Scenes turn on a dime in Faithless: The sweetest instant of carnal bliss can reverse, without warning, into a blistering fight so physically authentic that you want to look away, so unblinkingly revealing of human nature that you’d be the poorer if you did. In one particularly beautiful touch, we find Isabelle, who knows nothing of her mother’s troubles, enacting them in cross-talk between her dolls. In a far more harrowing moment, Markus comes upon his wife and friend together: What transpires is a species of theatrical event, complete with exits through slamming doors, wittily framed by Ullmann to emphasize a proscenium-like archway.

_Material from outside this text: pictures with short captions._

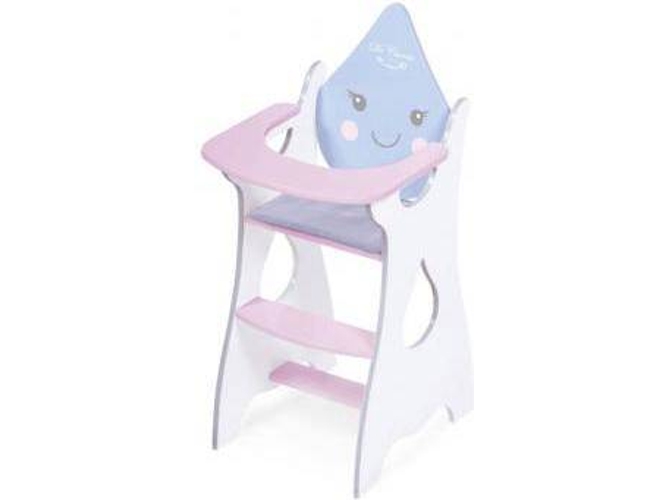 Silla alta de Madera de Muñecas DE CUEVAS Blanco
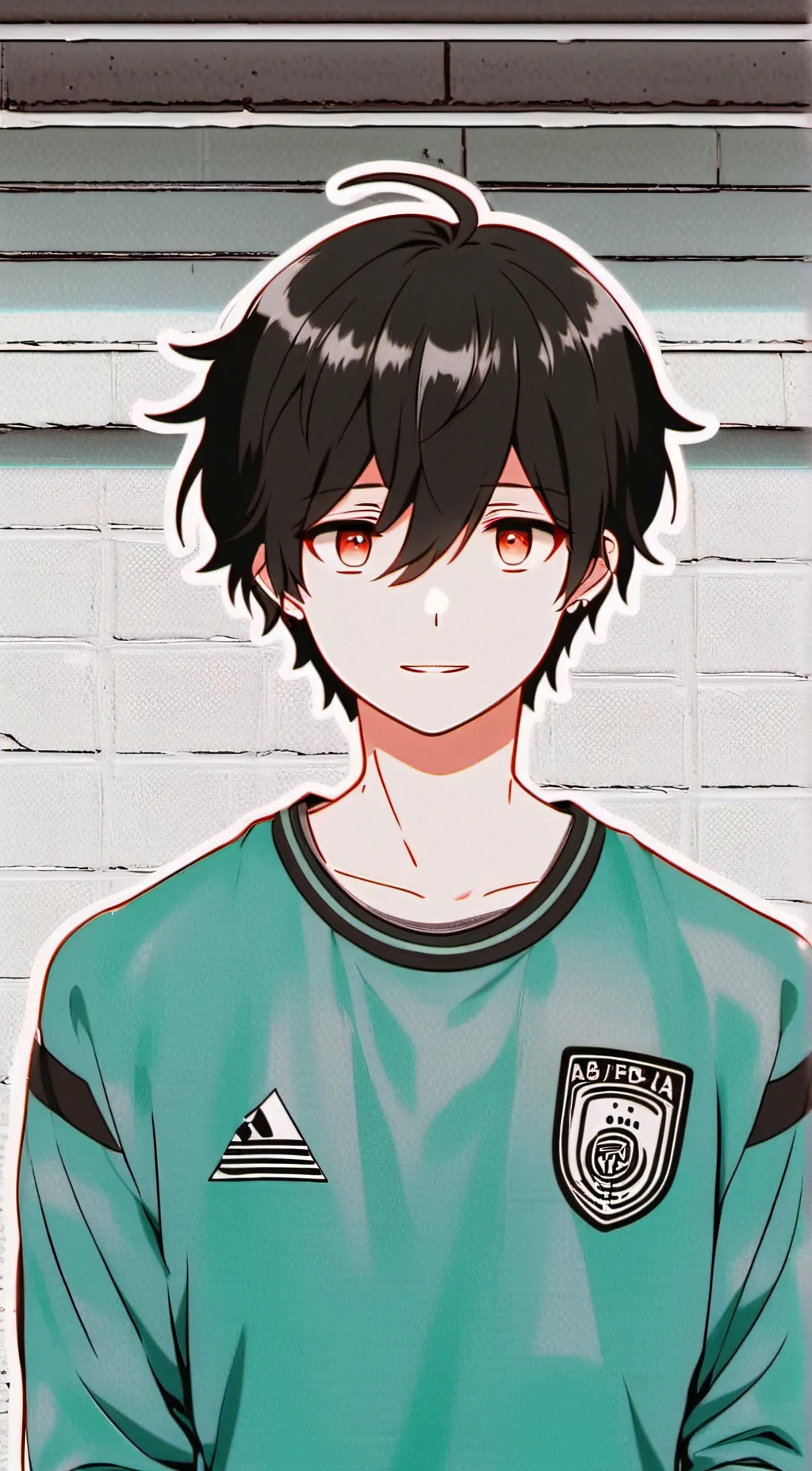 ai character: erick background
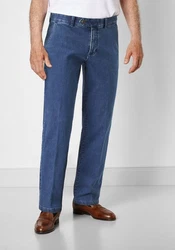 Suprax Regular-fit Jeans mit Komfort-Dehnbund und Sicherheitstasche 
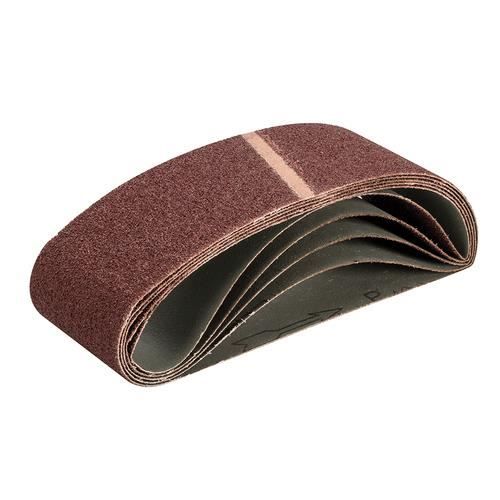 Triton 713502 - Bandes abrasifs 75 x 533 mm, lot de 5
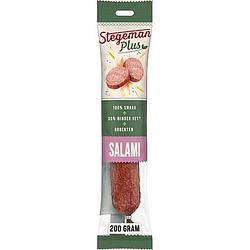 Foto van Stegeman plus salami 6 x 200g bij jumbo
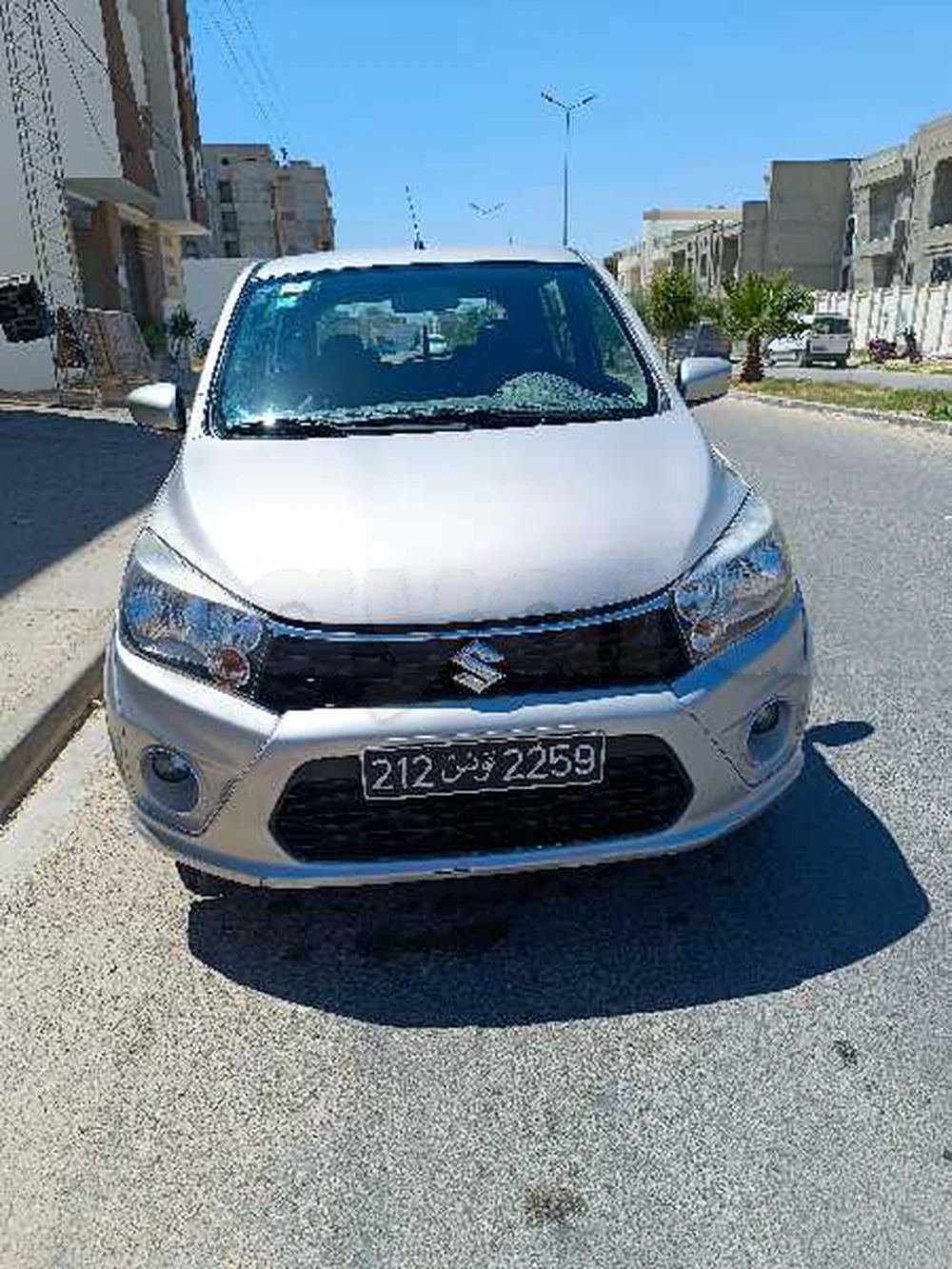 Carte voiture Suzuki Celerio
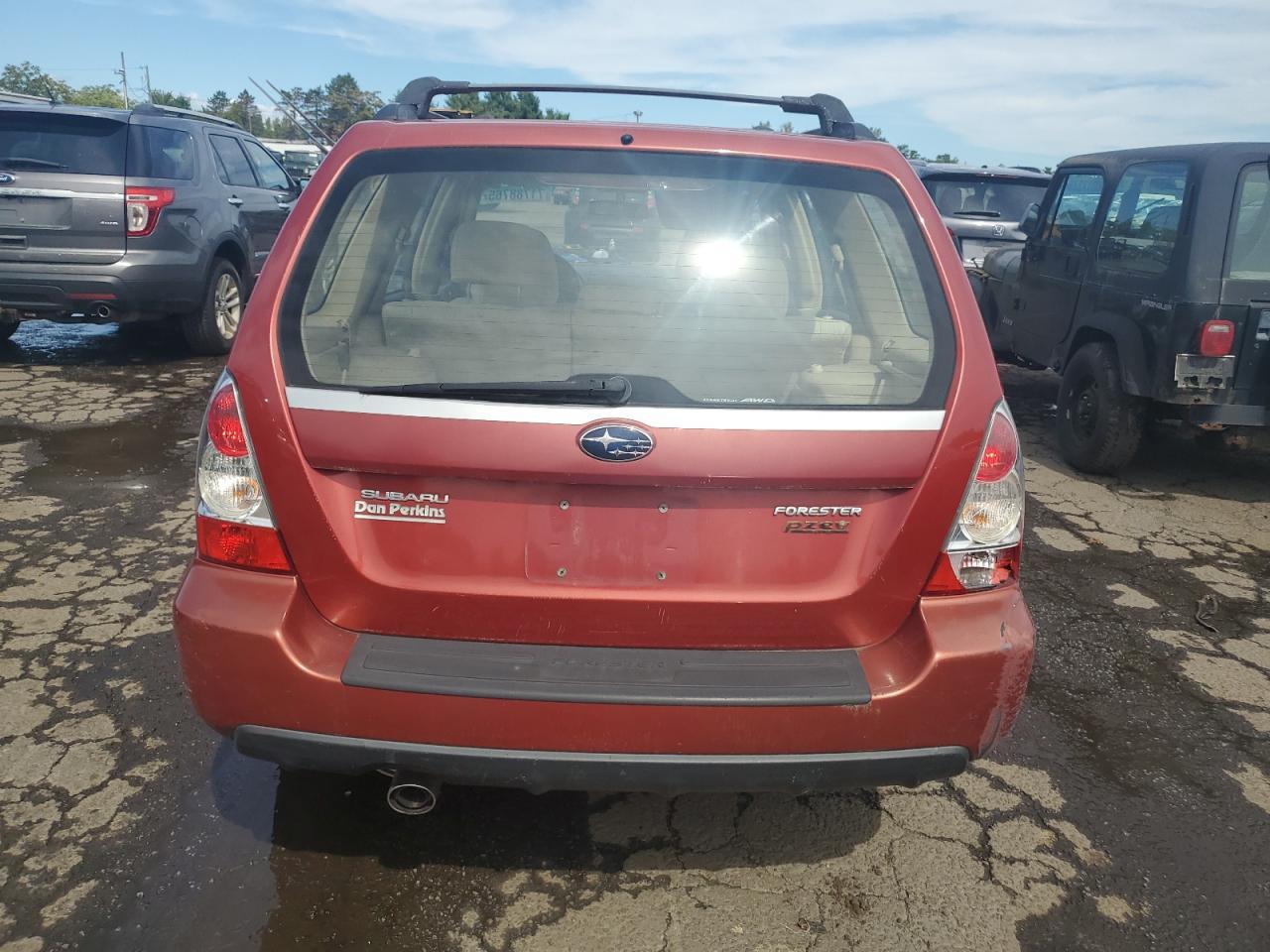 2008 SUBARU FORESTER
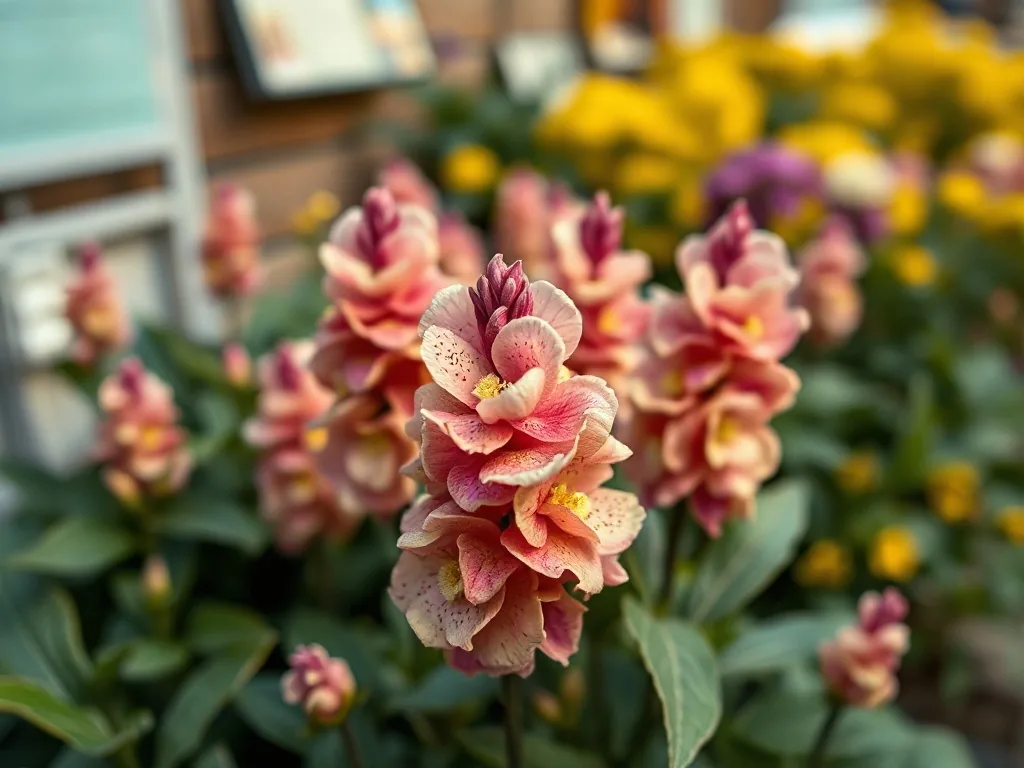 Gros plan sur des feuilles d’hortensia présentant un jaunissement entre les nervures, signe de chlorose ferrique.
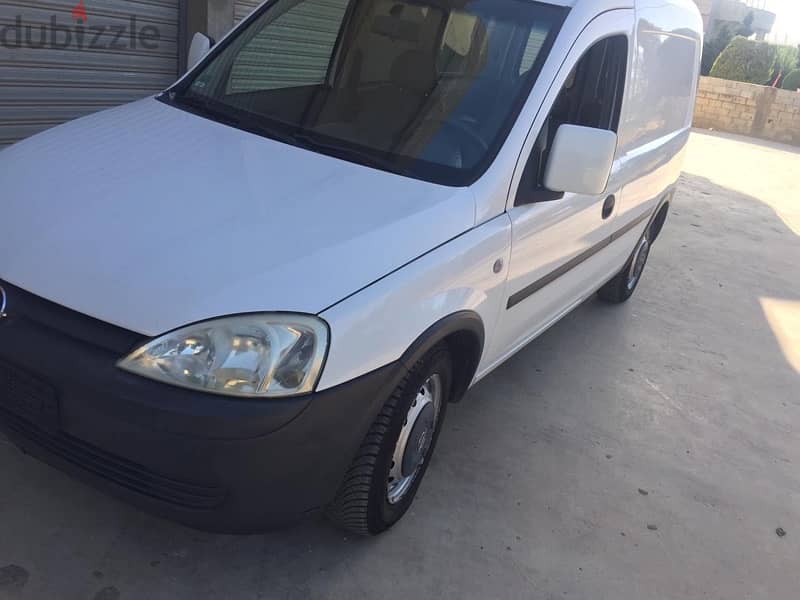 opel combo 2005 1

Bergman’s collaboration with Ullmann began when he directed her in Persona (1966). Here, with the roles nearly reversed, she shows herself as great an interpreter behind the camera: Her staging echoes his; she harnesses her eye with comparable elegance to the fire of the performances. Yet something else enters, too — a generosity of scale. Where Bergman focuses on the destinies of his protagonists, Ullmann attends no less fully to the anguish of those around Marianne. Ullmann and Bergman were lovers, and had a child together: One can feel her getting this man off her chest. Bergman has reached for a woman’s insight his whole career. Ullmann completes this for him.